Problem details: Below is a listing; retype exactly the lines between the one containing "used 2023 Jeep" and the one containing "Ensemble pyjama familial", inclusive, minus the pictures.

Working data:
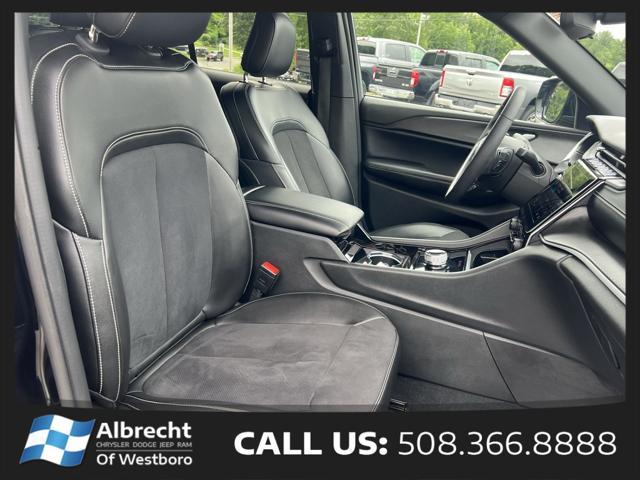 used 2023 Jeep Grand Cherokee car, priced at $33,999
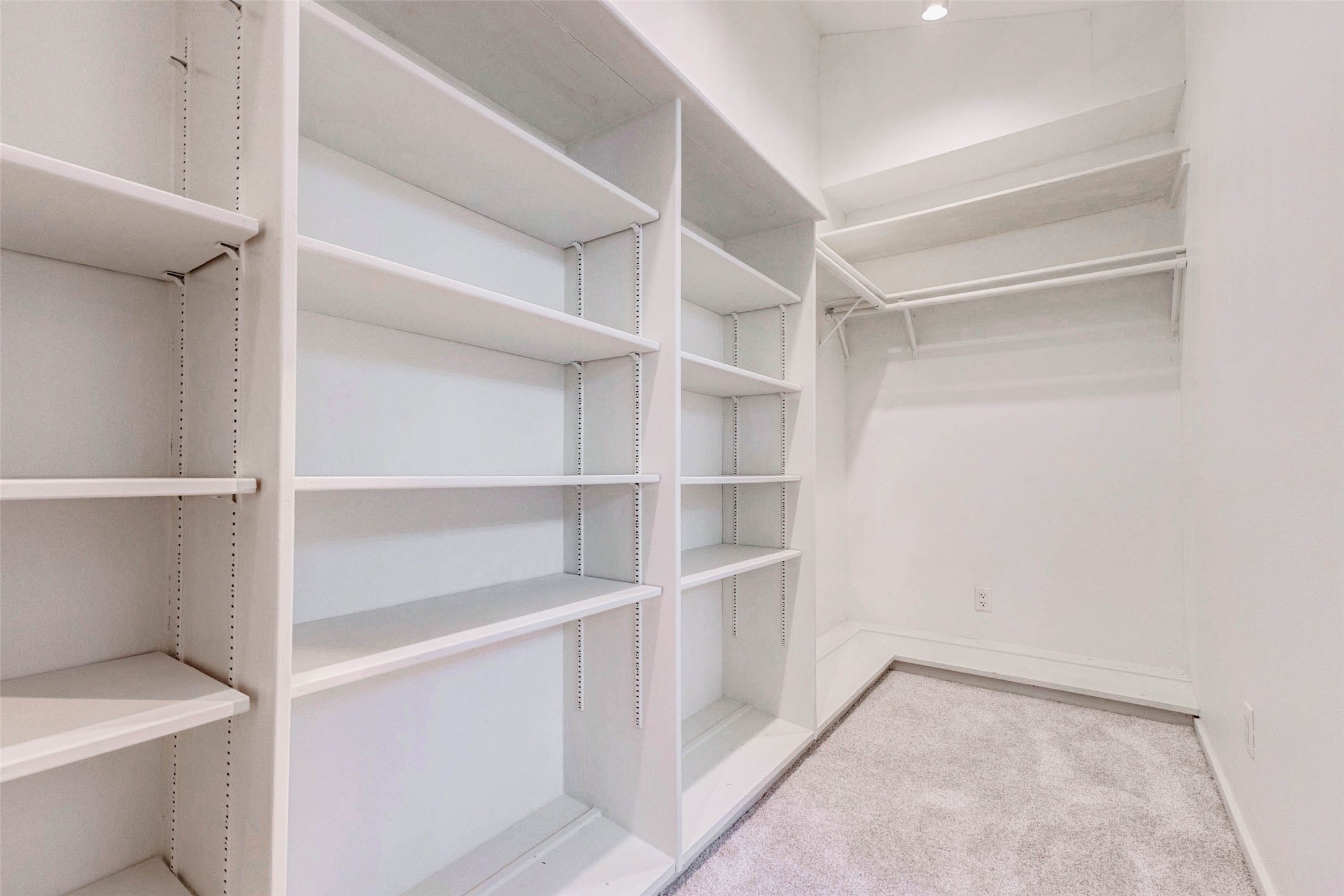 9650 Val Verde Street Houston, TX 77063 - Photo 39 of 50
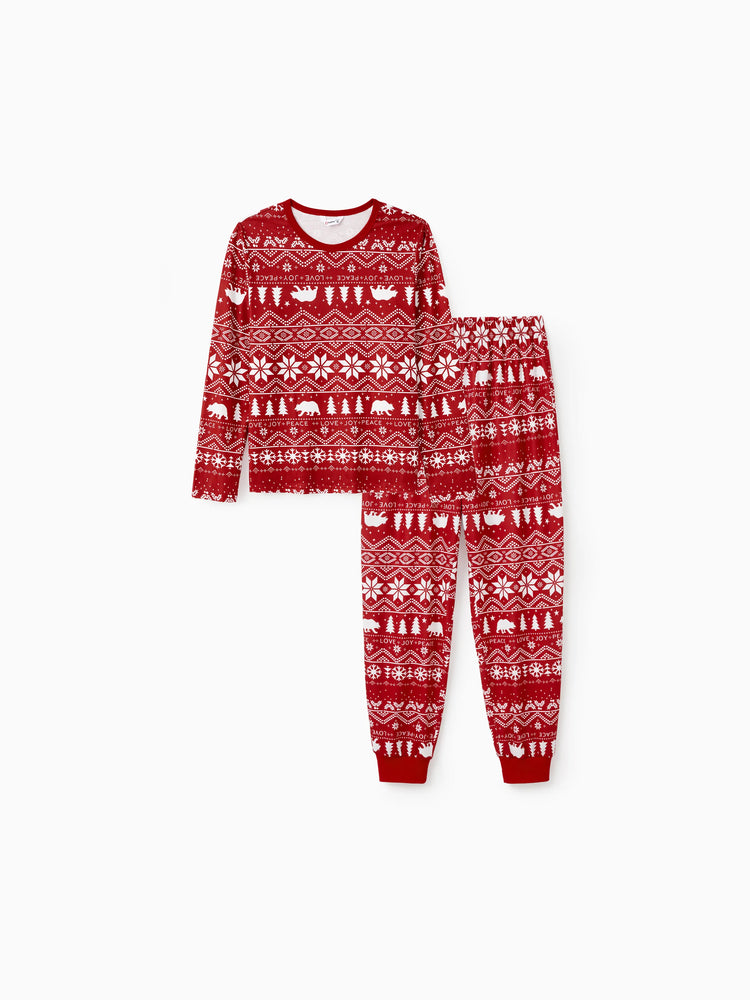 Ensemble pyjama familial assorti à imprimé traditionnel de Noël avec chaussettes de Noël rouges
==
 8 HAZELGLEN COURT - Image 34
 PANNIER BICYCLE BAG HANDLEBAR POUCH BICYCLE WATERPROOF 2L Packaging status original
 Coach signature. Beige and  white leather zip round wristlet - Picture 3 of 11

Result of the exercise:
 used 2023 Jeep Grand Cherokee car, priced at $33,999
 9650 Val Verde Street Houston, TX 77063 - Photo 39 of 50
 Ensemble pyjama familial assorti à imprimé traditionnel de Noël avec chaussettes de Noël rouges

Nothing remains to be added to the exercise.